Second case: when would you want to know the internal id of a given OSM 
object? Probably we need this if we want to implement updates...

> Node location (2x 32bit int, 64bit Peano):
>     - id -> location O(1)
>     - location -> int O(log n)

Just a bit of a technical thing (not very important for the design at this 
stage), but with "Peano" I suppose you mean the order that looks like a lot 
of nested Z's? Historically this is not a curve Peano came up with (though 
many people call it /a/ or even /the/ Peano curve). Actually, he proposed a 
different one that does not have jumps and hence has better locality 
properties. A disadvantage of that one may be that an implementation would be 
slightly more complex, but such a discussion can better be deferred.

> Node/way/relation types (using tag -> id mapping with wildcard support
> during import):
>     - id -> types ~O(1)
>     - type -> ids ~O(log n)

Type? Can I, for example, retrieve all post boxes using this index?

> Node/way/relation "interesting" bitmap (name/ref/is_in set and/or known
> type):
>     - id -> interesting O(1)

Important design decision, but more for the data format itself: does it store 
all nodes/ways/relations, also the "uninteresting" ones?

> Node/way/relation tags (k/v-pairs are \n-separated and properly
> escaped):
>     - id -> all tags O(1)

Guess we would want something like that, yes.

> Way MBR / RTree:
>     - id -> MBR O(1)
>     - MBR -> ids ~O(log n)

This is an index for retrieving all objects within a specified query 
rectangle, right? (So basically what we've been talking about ;-)

> Way members (ordered sequence of node ids):
>     - way id -> member ids ~O(1)
>     - member id -> way ids ~O(1)
>
> Relation members (ordered sequence of id+type+role):
>     - rel id -> member ids ~O(1)
>     - member id -> rel ids ~O(log n)

Will the data format have all these kinds of information (tags, members, etc.) 
in different places (on disk), or will they all be in the same place? In the 
latter case it may be logical to retrieve all this information with one 
query.

> Node/way/relation name/ref/is_in:
>     - text files sorted by id (intended for namefinder - could be
> changed into "proper" database entries similar to the way tags are
> handled)

I think name finding is a topic on its own. Also, a good look at the current 
online OSM name finder and Gosmore may be a good idea.

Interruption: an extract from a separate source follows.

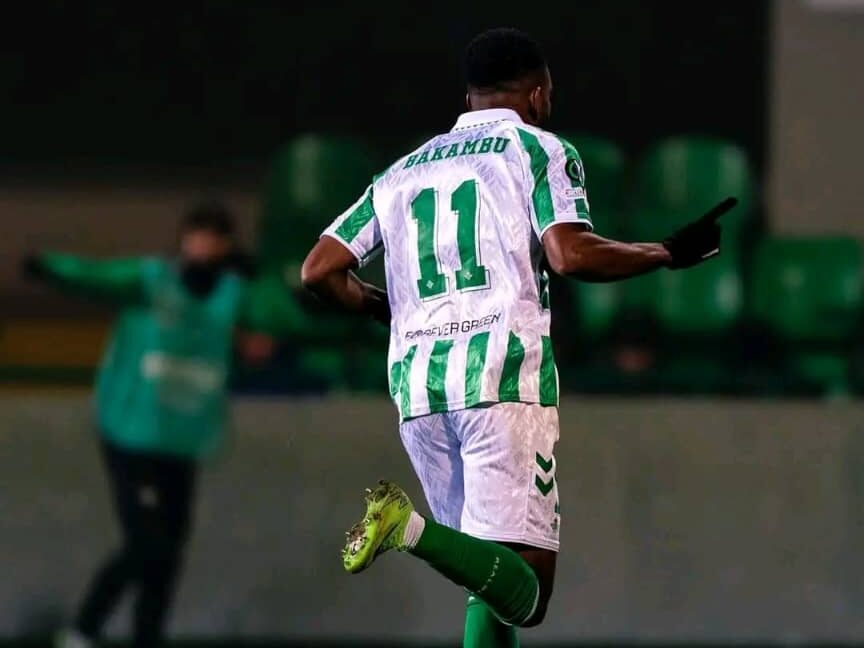 L’Étoile Congolaise Brille en Ligue Europa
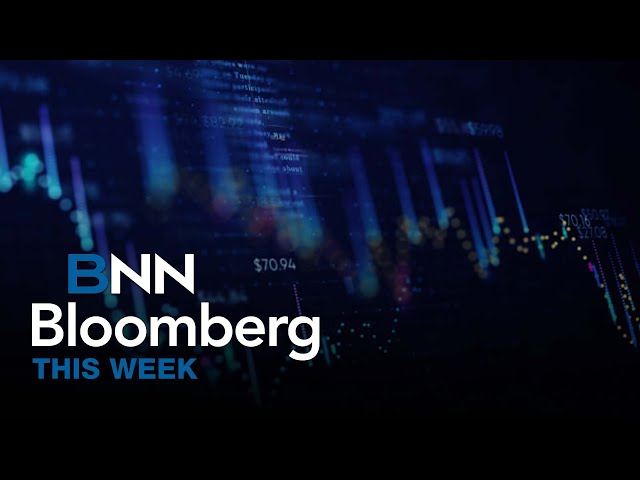 ⁣Best of BNN Bloomberg Week of May 10th, 2024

> Actually, there probably isn't a one-fits-all solution for the indices,
> it depends too much on the application and its environment. So each
> index should be optional for the high-level API (makes it more complex,
> though).

Indeed, a number of separate indexes for different purposes seems natural. An 
index for efficiently retrieving all data elements in a certain region may be 
a good place to start.

-- 
Freek